- Required work
Write the records out again exactly, leaving no images in.

--- START ---

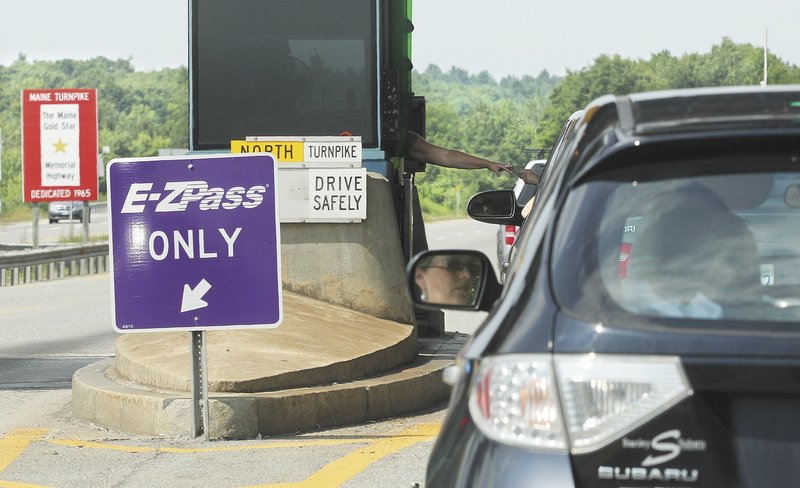 Motorists on I-295 northbund pass through the Gardiner toll booths Monday. Turnpike tolls are expected to increase starting in November to raise up to $26.5 million a year.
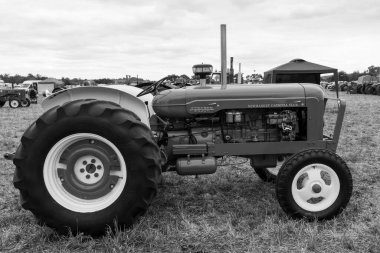 Haselbury Plucknet.Somerset.United Kingdom.August 17th 2024.A modified green Fordson Major is on show at a Yesterdays Farming event clipart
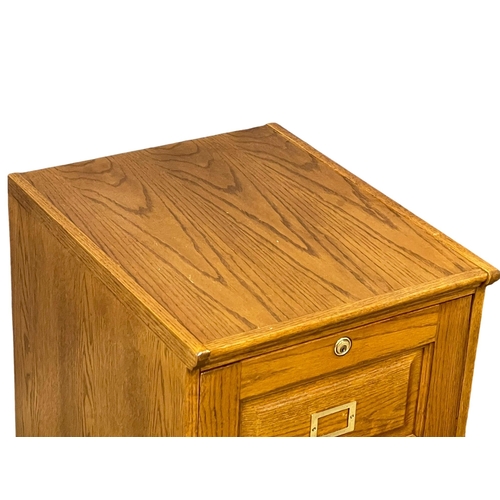 998 - An oak 2 drawer filing chest. 48x58x77cm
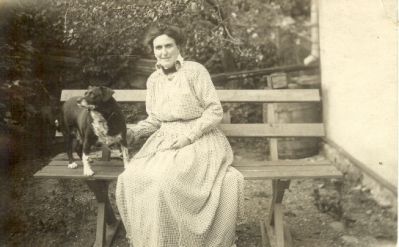 Kvinna och hund på parksoffa
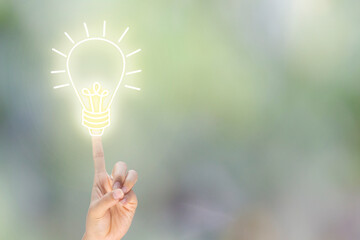 index finger points up for business idea with blub light sketch on blur background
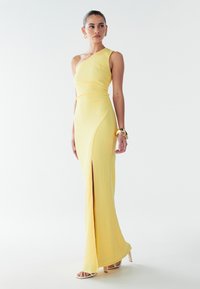 Gelbes, geripptes, einseitiges Abendkleid mit seitlichem Schlitz und figurbetonendem Design. Die Accessoires des Models umfassen ein goldenes Armband und Riemchen-High Heels.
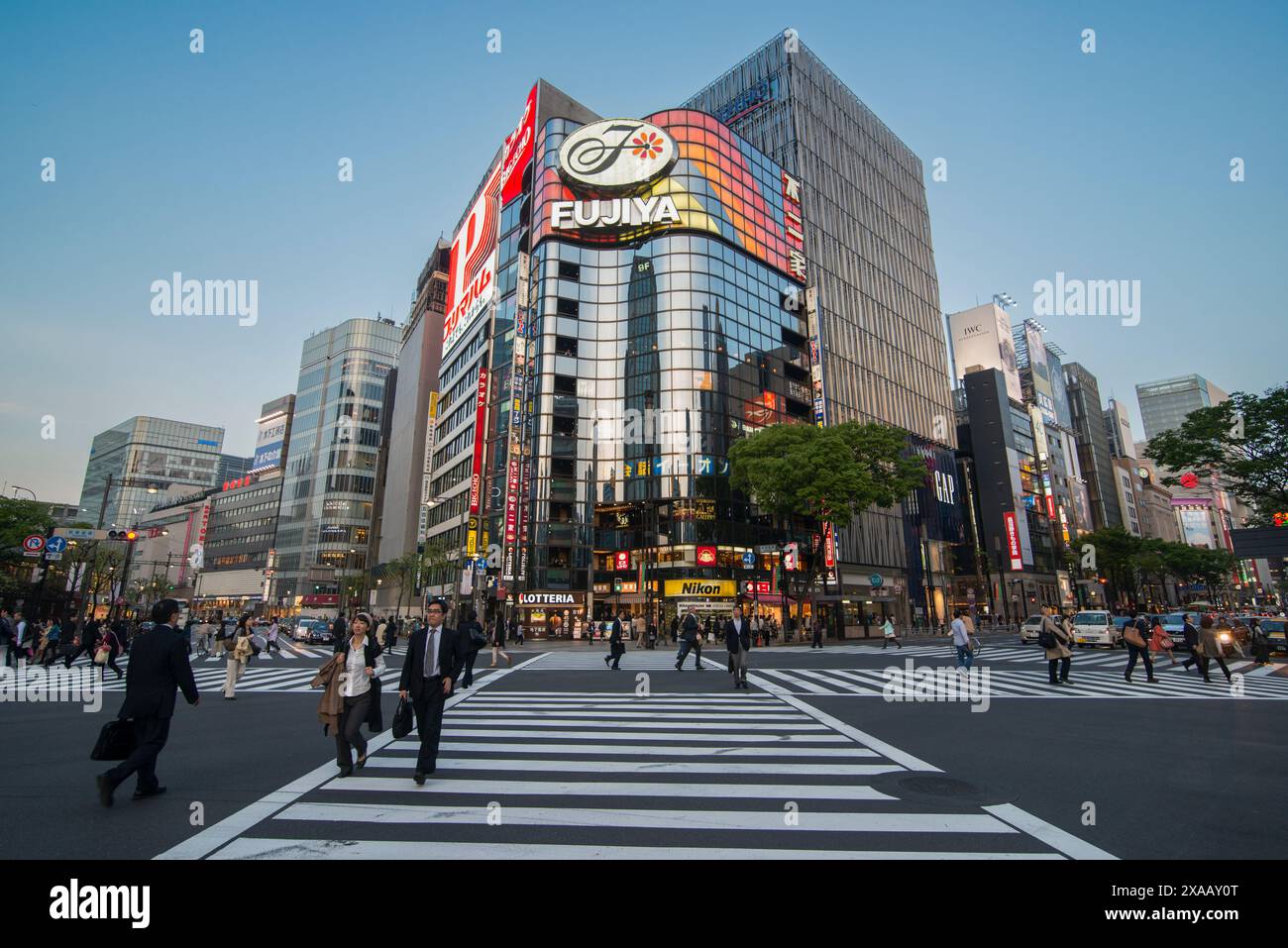 Attraversamento di fronte ai moderni centri commerciali di Ginza, Tokyo, Honshu, Giappone, Asia Foto Stock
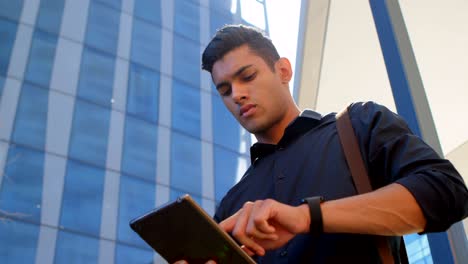 male commuter using digital tablet in office premises 4k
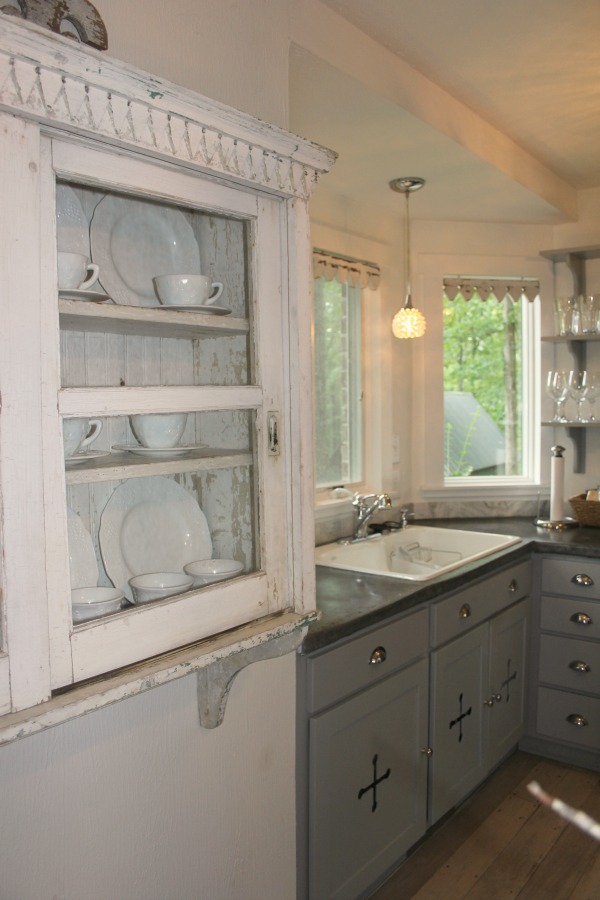 From the blue grey cabinet doors with cross cut out detail to the open shelving, this farmhouse kitchen designed by City Farmhouse for Storybook Cottage in Leiper's Fork, TN, sings with vintage country style! Photo by Hello Lovely Studio. #farmhousekitchen #cityfarmhouse #storybookcottage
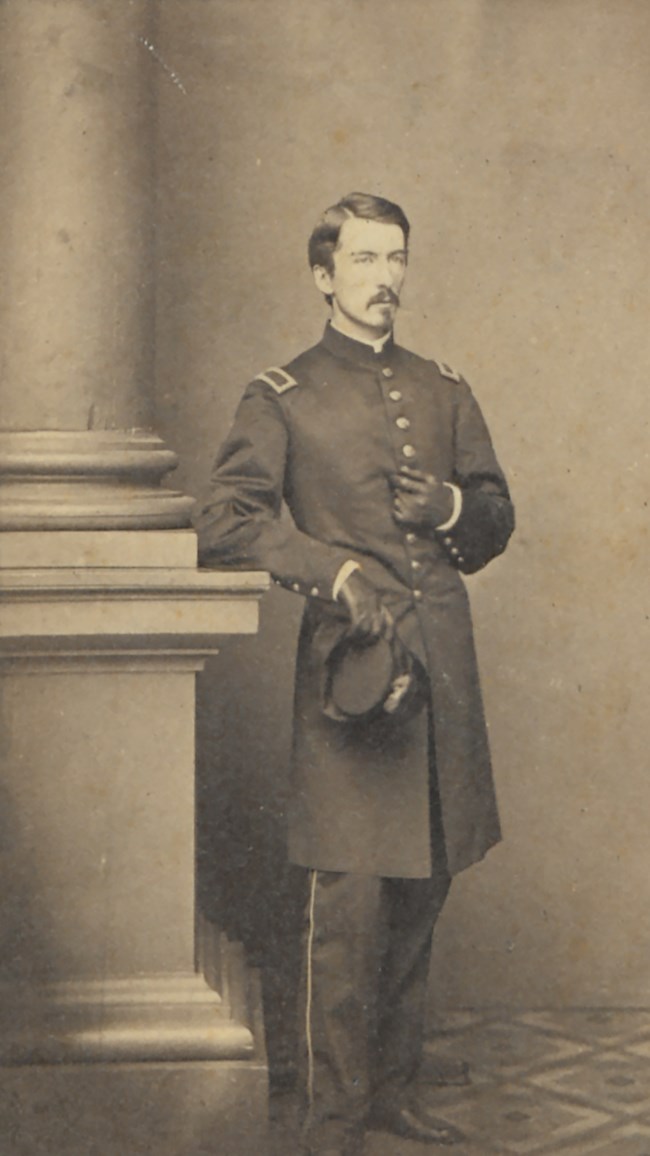 A young 1860s army officer stands next to a pillar for a full portrait photograph.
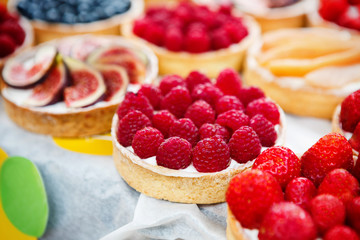 Closeup of raspberry tart dessert tray assorted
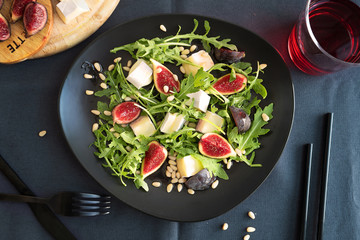 CAMEMBERT AND FIG SALAD on black plate in dark grey tablecloth.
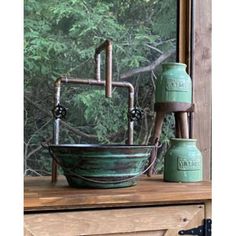 a green sink sitting on top of a window sill next to a wooden cabinet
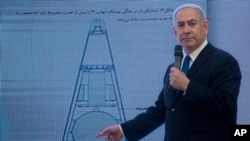 Israeli Prime Minister Benjamin Netanyahu presents material on Iranian nuclear weapons development during a press conference in Tel Aviv, April 30 2018.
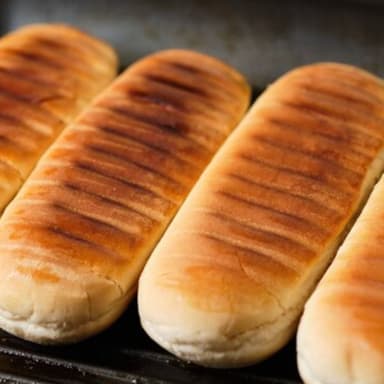 4 Perros Planchas ( Jamón, Salchicha, Mozarella)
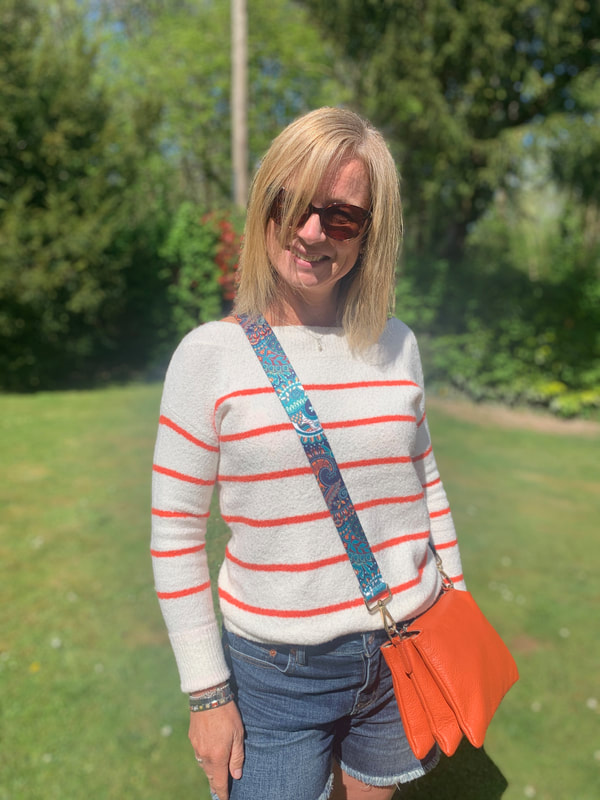 orange cross body bag from love the wendy house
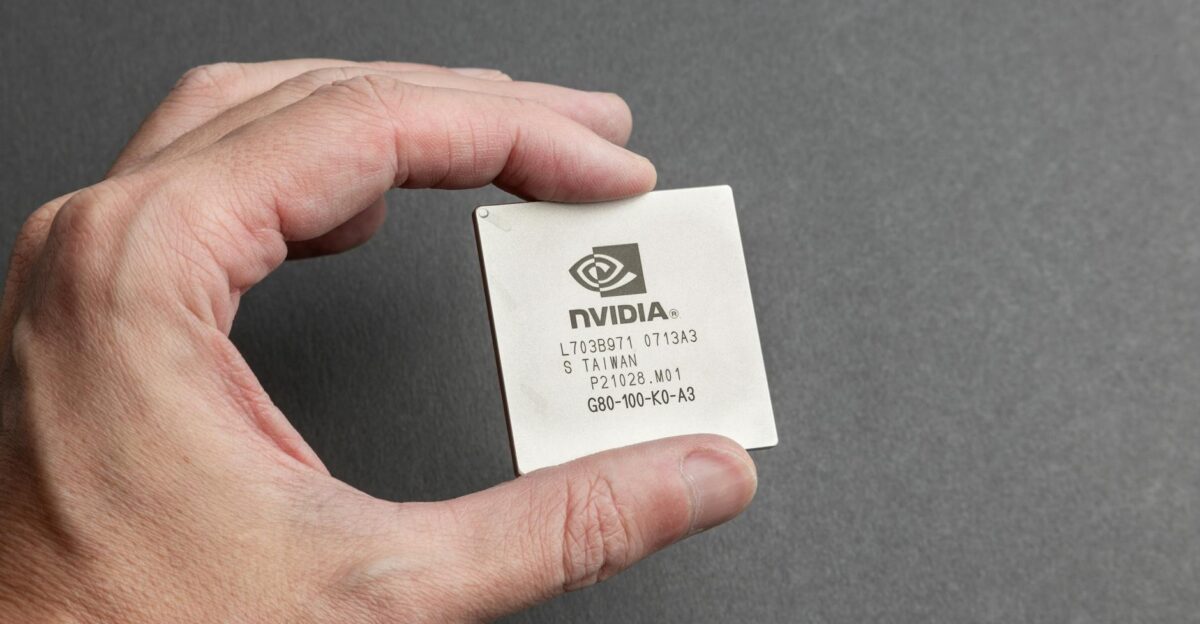 A close-up view of a person holding an Nvidia chip with a gray background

--- END ---

- Result of the exercise
 Motorists on I-295 northbund pass through the Gardiner toll booths Monday. Turnpike tolls are expected to increase starting in November to raise up to $26.5 million a year.
 Haselbury Plucknet.Somerset.United Kingdom.August 17th 2024.A modified green Fordson Major is on show at a Yesterdays Farming event clipart
 998 - An oak 2 drawer filing chest. 48x58x77cm
 Kvinna och hund på parksoffa
 index finger points up for business idea with blub light sketch on blur background
 Gelbes, geripptes, einseitiges Abendkleid mit seitlichem Schlitz und figurbetonendem Design. Die Accessoires des Models umfassen ein goldenes Armband und Riemchen-High Heels.
 Attraversamento di fronte ai moderni centri commerciali di Ginza, Tokyo, Honshu, Giappone, Asia Foto Stock
 male commuter using digital tablet in office premises 4k
 From the blue grey cabinet doors with cross cut out detail to the open shelving, this farmhouse kitchen designed by City Farmhouse for Storybook Cottage in Leiper's Fork, TN, sings with vintage country style! Photo by Hello Lovely Studio. #farmhousekitchen #cityfarmhouse #storybookcottage
 A young 1860s army officer stands next to a pillar for a full portrait photograph.
 Closeup of raspberry tart dessert tray assorted
 CAMEMBERT AND FIG SALAD on black plate in dark grey tablecloth.
 a green sink sitting on top of a window sill next to a wooden cabinet
 Israeli Prime Minister Benjamin Netanyahu presents material on Iranian nuclear weapons development during a press conference in Tel Aviv, April 30 2018.
 4 Perros Planchas ( Jamón, Salchicha, Mozarella)
 orange cross body bag from love the wendy house
 A close-up view of a person holding an Nvidia chip with a gray background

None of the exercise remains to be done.